WHAT THIS TASK INVOLVES:
Under this line is some data; print exactly the lines from the one containing "Magic The Gathering" through its last line, without pictures.

DATA FOR REVIEW:
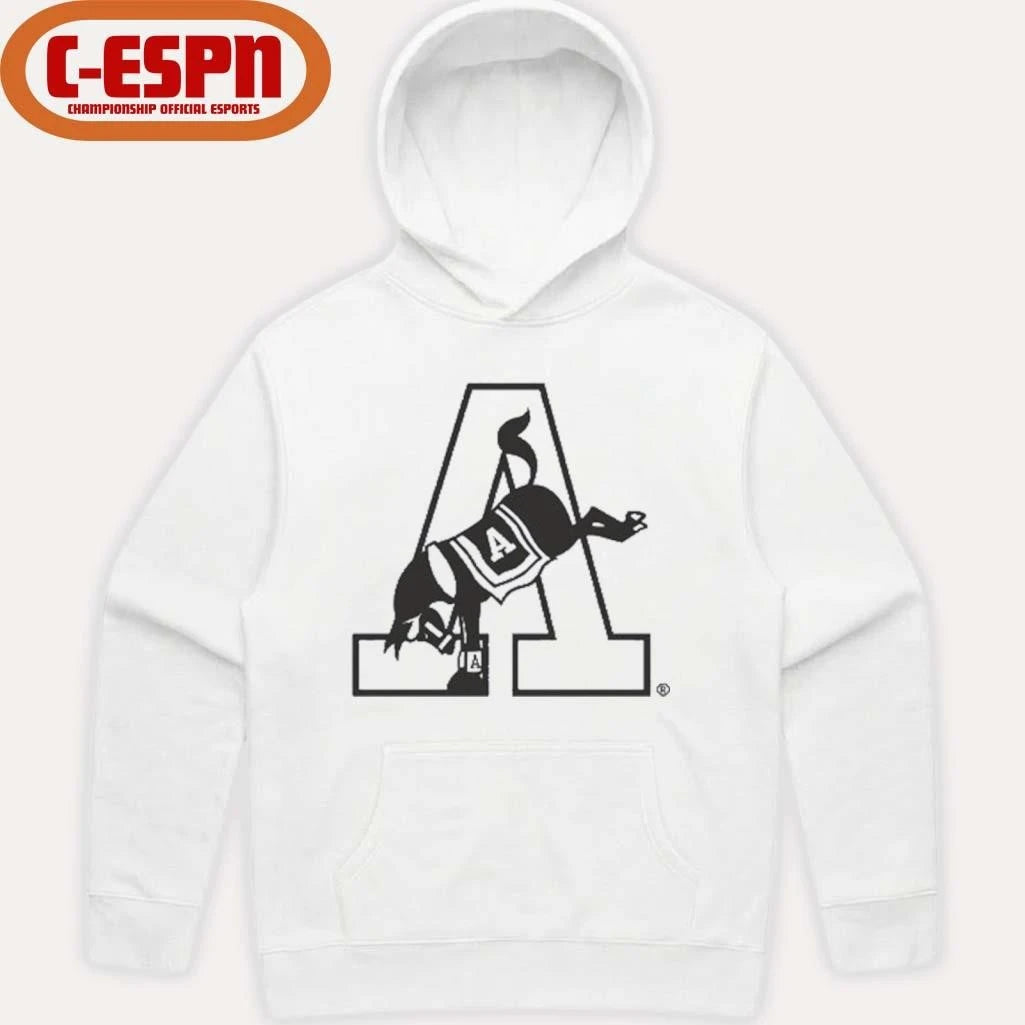 Official Army Men’s Basketball Kicking Mule Logo T-Shirt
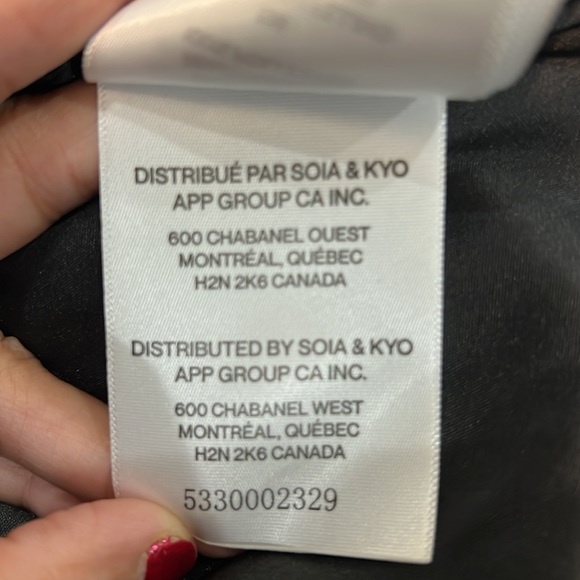 Sandova women’s jacket - Picture 10 of 15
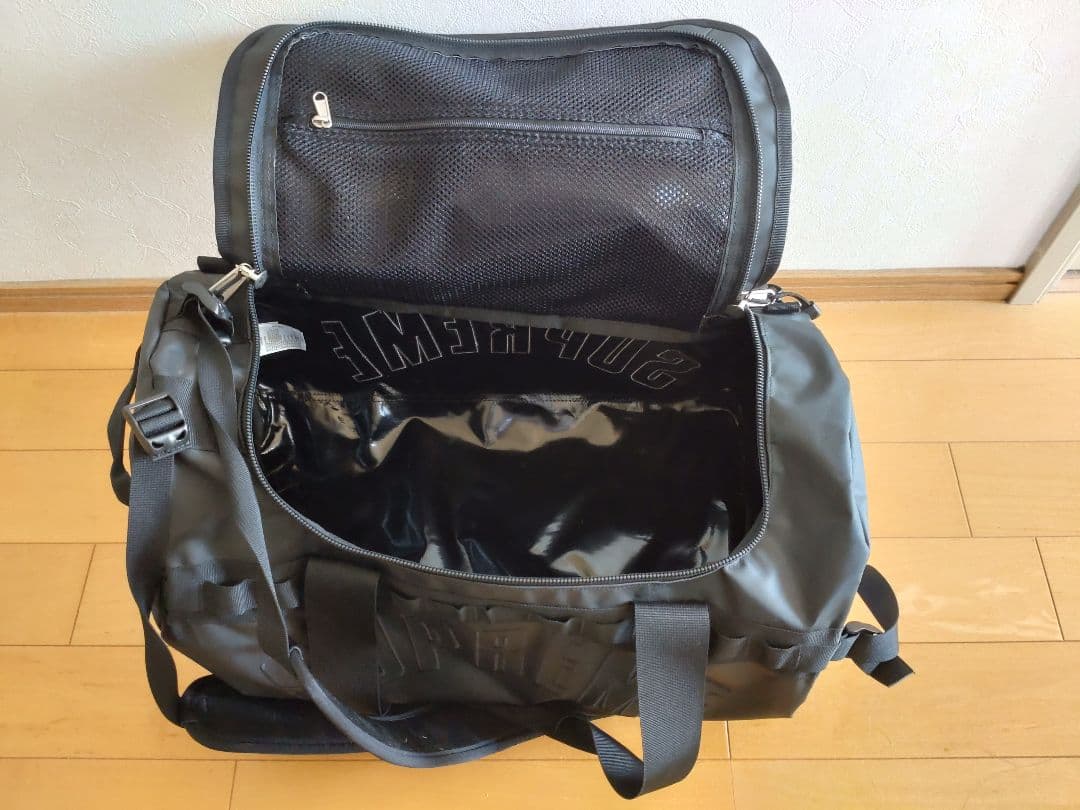 【アトム】SupremeNorthFaceArcLogoDuffleBag
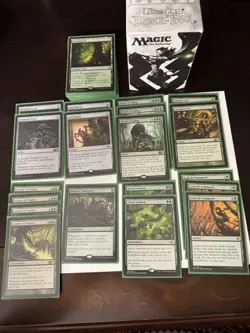 Magic The Gathering Prebuilt Standard Deck - Image 3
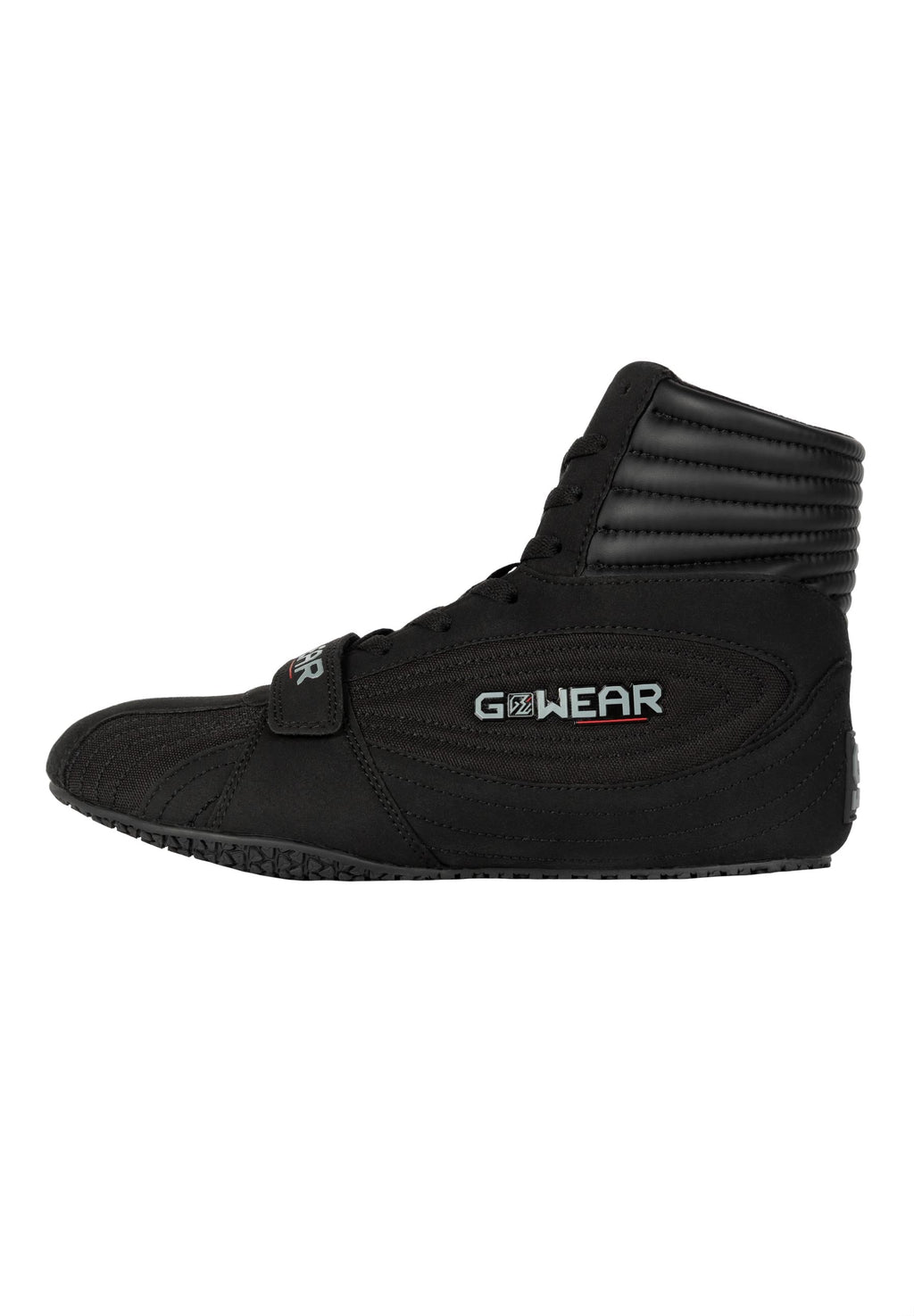 Gorilla Wear Gwear Performance High Tops - Noir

SOLVED PROBLEM:
 Magic The Gathering Prebuilt Standard Deck - Image 3
 Gorilla Wear Gwear Performance High Tops - Noir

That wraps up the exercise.